Forum Discussion
Hardening Windows 10
I think at least some of the actions you previously had to do are now redundant.
Microsoft Windows Defender is a powerful all-in-one security solution that can cover most of those things. it provides enterprise class security tools to the normal users.
It can protect sensitive folders from unwanted programs and you can also add your own folders to the list for even more security, I think this makes more sense instead of shifting permission from one user to another.
Windows defender specially in 1903 (I'm using Pro edition so not sure what options are missing in Home, if Any) is pretty much complete solution.
you can try turning on tamper protection, Core Isolation, Memory Integrity (these options are turned off by default).
the only things you should do is to turn off services, optional features, protocols that you do not intend to use and also make Firewall rules for every new app and software you install. for example a photo editing software you install doesn't need internet connection. for its updates you can manually install newer versions. yes that's some additional work but you asked for it cause hardening is not gonna be easy.
To be honest Windows 10 itself can only be compromised by Zero day vulnerabilities, those that are not found yet, because Microsoft keeps Windows 10 updated and in every 6 months they change the core OS to make it better and more secure. so even if you are a black hat hacker and spend hours and hours trying to make an exploit for Windows 10 using a zero-day bug, you won't be able to use that for long.Microsoft will patch that bug in a day or two and the constant change in the Core OS renders all the old tools useless, all the time.
so all you can worry about is the 3rd party apps and programs you install that increase the attack surface as each of those 3rd party programs can have security holes and bugs that can be exploited, but again for those 3rd party programs you can utilize Windows Firewall rules and Windows Defender.

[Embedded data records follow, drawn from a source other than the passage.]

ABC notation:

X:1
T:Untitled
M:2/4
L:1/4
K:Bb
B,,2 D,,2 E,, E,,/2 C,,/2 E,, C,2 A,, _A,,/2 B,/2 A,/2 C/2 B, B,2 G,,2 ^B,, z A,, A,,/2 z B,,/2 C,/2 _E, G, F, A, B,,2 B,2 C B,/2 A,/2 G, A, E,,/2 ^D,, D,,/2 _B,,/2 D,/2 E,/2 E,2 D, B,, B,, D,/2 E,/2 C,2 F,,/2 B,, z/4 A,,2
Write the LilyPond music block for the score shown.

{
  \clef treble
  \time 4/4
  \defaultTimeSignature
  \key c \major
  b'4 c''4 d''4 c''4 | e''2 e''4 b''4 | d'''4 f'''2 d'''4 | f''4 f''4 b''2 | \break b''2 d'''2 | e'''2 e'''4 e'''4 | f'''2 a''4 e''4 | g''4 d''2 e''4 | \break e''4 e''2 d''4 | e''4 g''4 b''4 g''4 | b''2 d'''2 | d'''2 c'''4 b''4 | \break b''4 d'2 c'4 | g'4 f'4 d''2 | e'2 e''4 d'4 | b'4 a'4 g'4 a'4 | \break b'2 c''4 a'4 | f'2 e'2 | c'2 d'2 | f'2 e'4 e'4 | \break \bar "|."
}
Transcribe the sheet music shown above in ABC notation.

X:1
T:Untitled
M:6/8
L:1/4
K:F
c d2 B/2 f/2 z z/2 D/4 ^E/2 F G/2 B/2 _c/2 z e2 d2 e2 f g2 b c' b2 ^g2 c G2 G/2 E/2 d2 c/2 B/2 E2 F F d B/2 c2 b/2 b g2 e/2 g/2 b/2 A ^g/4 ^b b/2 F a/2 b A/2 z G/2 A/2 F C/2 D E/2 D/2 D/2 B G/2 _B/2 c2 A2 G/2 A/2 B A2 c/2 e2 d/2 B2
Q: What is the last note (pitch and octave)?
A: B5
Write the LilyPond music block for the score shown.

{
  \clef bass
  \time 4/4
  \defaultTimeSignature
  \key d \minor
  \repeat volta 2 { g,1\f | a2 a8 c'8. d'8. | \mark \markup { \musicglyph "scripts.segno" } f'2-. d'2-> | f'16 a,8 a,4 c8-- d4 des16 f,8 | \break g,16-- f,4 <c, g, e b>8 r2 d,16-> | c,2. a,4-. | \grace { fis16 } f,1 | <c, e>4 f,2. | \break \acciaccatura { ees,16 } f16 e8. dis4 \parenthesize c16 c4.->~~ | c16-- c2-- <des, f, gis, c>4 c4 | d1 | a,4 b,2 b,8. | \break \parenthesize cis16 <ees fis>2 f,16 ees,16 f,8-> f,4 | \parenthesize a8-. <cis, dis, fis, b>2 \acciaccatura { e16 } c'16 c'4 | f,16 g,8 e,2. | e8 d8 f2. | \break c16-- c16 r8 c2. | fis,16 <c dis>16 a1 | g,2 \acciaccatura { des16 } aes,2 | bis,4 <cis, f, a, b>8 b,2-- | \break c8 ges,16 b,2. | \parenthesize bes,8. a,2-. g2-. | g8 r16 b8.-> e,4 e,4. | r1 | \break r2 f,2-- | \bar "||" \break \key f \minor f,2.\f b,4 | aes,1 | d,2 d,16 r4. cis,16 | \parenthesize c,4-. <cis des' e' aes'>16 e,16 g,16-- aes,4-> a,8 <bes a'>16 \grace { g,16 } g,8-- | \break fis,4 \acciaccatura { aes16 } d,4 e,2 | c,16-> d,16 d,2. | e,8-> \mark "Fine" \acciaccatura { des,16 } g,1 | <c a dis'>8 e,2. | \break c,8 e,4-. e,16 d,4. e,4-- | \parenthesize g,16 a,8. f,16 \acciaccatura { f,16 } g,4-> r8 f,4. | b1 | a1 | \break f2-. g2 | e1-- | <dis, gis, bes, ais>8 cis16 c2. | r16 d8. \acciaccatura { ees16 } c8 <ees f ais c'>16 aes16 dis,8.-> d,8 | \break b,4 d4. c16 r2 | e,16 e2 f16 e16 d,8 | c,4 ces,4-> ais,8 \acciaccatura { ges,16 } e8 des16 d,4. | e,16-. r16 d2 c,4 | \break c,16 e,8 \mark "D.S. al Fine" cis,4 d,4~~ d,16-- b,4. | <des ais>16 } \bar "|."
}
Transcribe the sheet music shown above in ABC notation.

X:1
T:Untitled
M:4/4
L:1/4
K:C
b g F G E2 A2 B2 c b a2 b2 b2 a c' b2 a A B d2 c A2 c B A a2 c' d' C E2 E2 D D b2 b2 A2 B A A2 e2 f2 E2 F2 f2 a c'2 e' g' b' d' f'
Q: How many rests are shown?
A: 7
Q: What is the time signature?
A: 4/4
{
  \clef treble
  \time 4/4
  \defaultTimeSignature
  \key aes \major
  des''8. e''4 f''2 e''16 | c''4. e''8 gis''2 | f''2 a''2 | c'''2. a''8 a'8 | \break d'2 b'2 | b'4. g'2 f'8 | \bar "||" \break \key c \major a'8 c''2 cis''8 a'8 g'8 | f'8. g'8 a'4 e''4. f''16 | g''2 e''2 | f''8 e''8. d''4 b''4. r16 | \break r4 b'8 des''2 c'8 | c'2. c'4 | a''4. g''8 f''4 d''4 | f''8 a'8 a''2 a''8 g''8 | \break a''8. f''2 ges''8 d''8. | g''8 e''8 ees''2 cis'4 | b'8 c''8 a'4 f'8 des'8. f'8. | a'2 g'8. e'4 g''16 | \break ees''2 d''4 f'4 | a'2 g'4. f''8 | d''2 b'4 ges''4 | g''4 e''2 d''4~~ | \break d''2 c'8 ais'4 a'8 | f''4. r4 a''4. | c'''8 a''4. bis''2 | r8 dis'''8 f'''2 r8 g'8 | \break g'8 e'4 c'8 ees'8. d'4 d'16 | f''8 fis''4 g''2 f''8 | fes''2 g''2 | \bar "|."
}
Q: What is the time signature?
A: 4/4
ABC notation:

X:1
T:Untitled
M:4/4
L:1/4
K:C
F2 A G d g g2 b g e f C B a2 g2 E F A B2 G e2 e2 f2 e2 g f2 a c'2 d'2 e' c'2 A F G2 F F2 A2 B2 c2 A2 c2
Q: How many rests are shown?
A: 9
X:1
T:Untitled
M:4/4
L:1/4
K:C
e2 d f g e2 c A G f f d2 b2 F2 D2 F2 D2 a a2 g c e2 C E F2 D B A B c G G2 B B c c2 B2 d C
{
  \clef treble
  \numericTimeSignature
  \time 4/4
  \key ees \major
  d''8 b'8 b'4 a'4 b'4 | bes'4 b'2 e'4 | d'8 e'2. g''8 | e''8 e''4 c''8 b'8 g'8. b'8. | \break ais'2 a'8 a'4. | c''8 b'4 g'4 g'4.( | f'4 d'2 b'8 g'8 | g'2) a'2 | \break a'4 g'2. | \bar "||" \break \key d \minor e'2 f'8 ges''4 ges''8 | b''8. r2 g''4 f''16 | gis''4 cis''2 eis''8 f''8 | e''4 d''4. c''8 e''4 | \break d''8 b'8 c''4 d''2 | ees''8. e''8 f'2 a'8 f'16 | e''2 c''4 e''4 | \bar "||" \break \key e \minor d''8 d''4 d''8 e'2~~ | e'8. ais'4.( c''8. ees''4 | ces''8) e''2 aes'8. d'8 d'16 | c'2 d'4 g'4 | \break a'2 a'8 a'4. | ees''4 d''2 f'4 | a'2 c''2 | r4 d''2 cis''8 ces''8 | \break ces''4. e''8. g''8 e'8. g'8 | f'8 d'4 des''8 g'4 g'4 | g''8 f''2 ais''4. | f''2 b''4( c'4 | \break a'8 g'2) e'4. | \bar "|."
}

Also don't forget to turn on DEP (Data Execution Prevention) for ALL programs. (by default it is only turned on for essential Windows programs and services.)Everything I said above was based on the assumption that you have a Windows 10 Home edition (as you mentioned). for real protecting and hardening you need Windows 10 Enterprise E5, one of its most predominant features is the immunity to zero-day attacks. you can read more about it here:
https://faq.rhipe.com/Search/Article/baf6fcbe-f04c-40e5-b88a-2da862a2620d
Have a look at this comparison between different Windows 10 edition security features:
https://query.prod.cms.rt.microsoft.com/cms/api/am/binary/RE2O8jv
Sorry I somehow overlooked that you run Windows 10 Home and asked for a home-system. The information below is a little overkill then and can't be done on W10Home anyway.
But for reference, if someone else might need it, I will keep my original post here.
---------------------------------------------------------------------------------------
If you want to secure a modern Windows network you can and should use this guidance: https://github.com/microsoft/SecCon-Framework/blob/master/windows-security-configuration-framework.md
It covers most security tasks, including hardware, settings and behaviors you should implement for different tiers of security (basic, enhanced and high security).
Additionally, for securing access management inside your network, you should read and implement this guidance: https://docs.microsoft.com/en-us/windows-server/identity/securing-privileged-access/securing-privileged-access
Does the Github page you mentioned
https://github.com/microsoft/SecCon-Framework
has something to download or any guide to read? there are only few MD files there that have basic explanations.
The Github Page is the guide to read. Open the .md files to read the guidance. It explains what you should have as a minimum for the respective security level you are looking for (in terms of hardware, policies, controls and behavior).
Start with "windows-security-configuration-framework.md" which contains the basic information how to use this framework and what each security level is supposed to provide. Then work your way up level for level. Each successive security level builds on the previous, so to reach a security level of 3 you have to implement level 1 and 2 guidance first. Sadly, the PAW security configurations are still not done in this framework. But the three security levels for productivity devices are complete and can be used as guidance.
If you need configuration and practices for PAWs, look here: https://docs.microsoft.com/en-us/windows-server/identity/securing-privileged-access/privileged-access-workstations
There is a new guidance for "Secured-core PCs" available now which you should take as guidance for modern and secure devices: https://docs.microsoft.com/en-us/windows-hardware/design/device-experiences/oem-highly-secure
If you are concerned with high security setups, make sure all your devices fulfill the Secured-core guidance and you implemented everything from level 1 to 3 in the security configuration framework. Additonally implement privileged access management strategies for your network and servers.